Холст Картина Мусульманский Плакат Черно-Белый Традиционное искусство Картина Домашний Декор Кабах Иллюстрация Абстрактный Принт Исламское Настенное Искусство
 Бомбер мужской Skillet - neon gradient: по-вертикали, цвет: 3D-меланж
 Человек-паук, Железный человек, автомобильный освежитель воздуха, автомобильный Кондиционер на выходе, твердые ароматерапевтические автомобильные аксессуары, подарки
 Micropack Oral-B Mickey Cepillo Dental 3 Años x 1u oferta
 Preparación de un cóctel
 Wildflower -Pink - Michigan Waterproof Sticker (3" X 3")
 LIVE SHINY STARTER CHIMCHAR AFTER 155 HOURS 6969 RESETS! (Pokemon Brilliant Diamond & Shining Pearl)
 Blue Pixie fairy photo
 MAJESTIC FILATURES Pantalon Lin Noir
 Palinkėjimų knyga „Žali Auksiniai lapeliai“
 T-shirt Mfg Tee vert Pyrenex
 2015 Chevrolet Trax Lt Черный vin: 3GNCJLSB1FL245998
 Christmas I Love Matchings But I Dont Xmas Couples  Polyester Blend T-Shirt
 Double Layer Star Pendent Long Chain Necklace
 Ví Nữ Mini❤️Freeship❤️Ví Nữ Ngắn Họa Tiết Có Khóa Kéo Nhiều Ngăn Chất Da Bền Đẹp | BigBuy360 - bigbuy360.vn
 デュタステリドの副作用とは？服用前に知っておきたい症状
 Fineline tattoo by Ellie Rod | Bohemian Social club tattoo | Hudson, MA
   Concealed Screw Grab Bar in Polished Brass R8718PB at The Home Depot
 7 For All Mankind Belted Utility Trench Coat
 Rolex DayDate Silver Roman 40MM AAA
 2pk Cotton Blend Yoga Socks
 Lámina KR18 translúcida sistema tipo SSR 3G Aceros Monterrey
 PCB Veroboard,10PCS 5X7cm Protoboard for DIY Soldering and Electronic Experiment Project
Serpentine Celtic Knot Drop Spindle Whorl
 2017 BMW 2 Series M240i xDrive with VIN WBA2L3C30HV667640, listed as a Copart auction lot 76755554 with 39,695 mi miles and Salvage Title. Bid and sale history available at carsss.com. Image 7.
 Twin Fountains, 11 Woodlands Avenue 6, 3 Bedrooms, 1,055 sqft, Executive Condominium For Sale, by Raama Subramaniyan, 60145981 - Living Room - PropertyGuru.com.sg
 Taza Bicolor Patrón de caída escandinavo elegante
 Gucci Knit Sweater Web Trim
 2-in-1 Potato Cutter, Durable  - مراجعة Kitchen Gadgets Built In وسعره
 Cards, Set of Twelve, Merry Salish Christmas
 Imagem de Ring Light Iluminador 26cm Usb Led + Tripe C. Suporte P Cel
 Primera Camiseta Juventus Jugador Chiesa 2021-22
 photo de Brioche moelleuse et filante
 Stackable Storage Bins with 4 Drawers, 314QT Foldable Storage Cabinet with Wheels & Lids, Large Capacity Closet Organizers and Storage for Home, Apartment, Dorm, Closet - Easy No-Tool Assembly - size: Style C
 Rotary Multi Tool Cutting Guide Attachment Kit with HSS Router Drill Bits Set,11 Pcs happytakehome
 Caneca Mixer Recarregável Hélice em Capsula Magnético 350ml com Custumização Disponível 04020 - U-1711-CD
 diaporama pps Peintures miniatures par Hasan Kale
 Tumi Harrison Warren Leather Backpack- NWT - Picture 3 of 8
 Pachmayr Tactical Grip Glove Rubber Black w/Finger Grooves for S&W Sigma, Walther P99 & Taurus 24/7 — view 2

> _EXERCISE GOAL_:
Each record needs to be given again exactly.

> _ANSWER FOR THIS EXERCISE_:
Холст Картина Мусульманский Плакат Черно-Белый Традиционное искусство Картина Домашний Декор Кабах Иллюстрация Абстрактный Принт Исламское Настенное Искусство
 Бомбер мужской Skillet - neon gradient: по-вертикали, цвет: 3D-меланж
 Человек-паук, Железный человек, автомобильный освежитель воздуха, автомобильный Кондиционер на выходе, твердые ароматерапевтические автомобильные аксессуары, подарки
 Micropack Oral-B Mickey Cepillo Dental 3 Años x 1u oferta
 Preparación de un cóctel
 Wildflower -Pink - Michigan Waterproof Sticker (3" X 3")
 LIVE SHINY STARTER CHIMCHAR AFTER 155 HOURS 6969 RESETS! (Pokemon Brilliant Diamond & Shining Pearl)
 Blue Pixie fairy photo
 MAJESTIC FILATURES Pantalon Lin Noir
 Palinkėjimų knyga „Žali Auksiniai lapeliai“
 T-shirt Mfg Tee vert Pyrenex
 2015 Chevrolet Trax Lt Черный vin: 3GNCJLSB1FL245998
 Christmas I Love Matchings But I Dont Xmas Couples  Polyester Blend T-Shirt
 Double Layer Star Pendent Long Chain Necklace
 Ví Nữ Mini❤️Freeship❤️Ví Nữ Ngắn Họa Tiết Có Khóa Kéo Nhiều Ngăn Chất Da Bền Đẹp | BigBuy360 - bigbuy360.vn
 デュタステリドの副作用とは？服用前に知っておきたい症状
 Fineline tattoo by Ellie Rod | Bohemian Social club tattoo | Hudson, MA
   Concealed Screw Grab Bar in Polished Brass R8718PB at The Home Depot
 7 For All Mankind Belted Utility Trench Coat
 Rolex DayDate Silver Roman 40MM AAA
 2pk Cotton Blend Yoga Socks
 Lámina KR18 translúcida sistema tipo SSR 3G Aceros Monterrey
 PCB Veroboard,10PCS 5X7cm Protoboard for DIY Soldering and Electronic Experiment Project
Serpentine Celtic Knot Drop Spindle Whorl
 2017 BMW 2 Series M240i xDrive with VIN WBA2L3C30HV667640, listed as a Copart auction lot 76755554 with 39,695 mi miles and Salvage Title. Bid and sale history available at carsss.com. Image 7.
 Twin Fountains, 11 Woodlands Avenue 6, 3 Bedrooms, 1,055 sqft, Executive Condominium For Sale, by Raama Subramaniyan, 60145981 - Living Room - PropertyGuru.com.sg
 Taza Bicolor Patrón de caída escandinavo elegante
 Gucci Knit Sweater Web Trim
 2-in-1 Potato Cutter, Durable  - مراجعة Kitchen Gadgets Built In وسعره
 Cards, Set of Twelve, Merry Salish Christmas
 Imagem de Ring Light Iluminador 26cm Usb Led + Tripe C. Suporte P Cel
 Primera Camiseta Juventus Jugador Chiesa 2021-22
 photo de Brioche moelleuse et filante
 Stackable Storage Bins with 4 Drawers, 314QT Foldable Storage Cabinet with Wheels & Lids, Large Capacity Closet Organizers and Storage for Home, Apartment, Dorm, Closet - Easy No-Tool Assembly - size: Style C
 Rotary Multi Tool Cutting Guide Attachment Kit with HSS Router Drill Bits Set,11 Pcs happytakehome
 Caneca Mixer Recarregável Hélice em Capsula Magnético 350ml com Custumização Disponível 04020 - U-1711-CD
 diaporama pps Peintures miniatures par Hasan Kale
 Tumi Harrison Warren Leather Backpack- NWT - Picture 3 of 8
 Pachmayr Tactical Grip Glove Rubber Black w/Finger Grooves for S&W Sigma, Walther P99 & Taurus 24/7 — view 2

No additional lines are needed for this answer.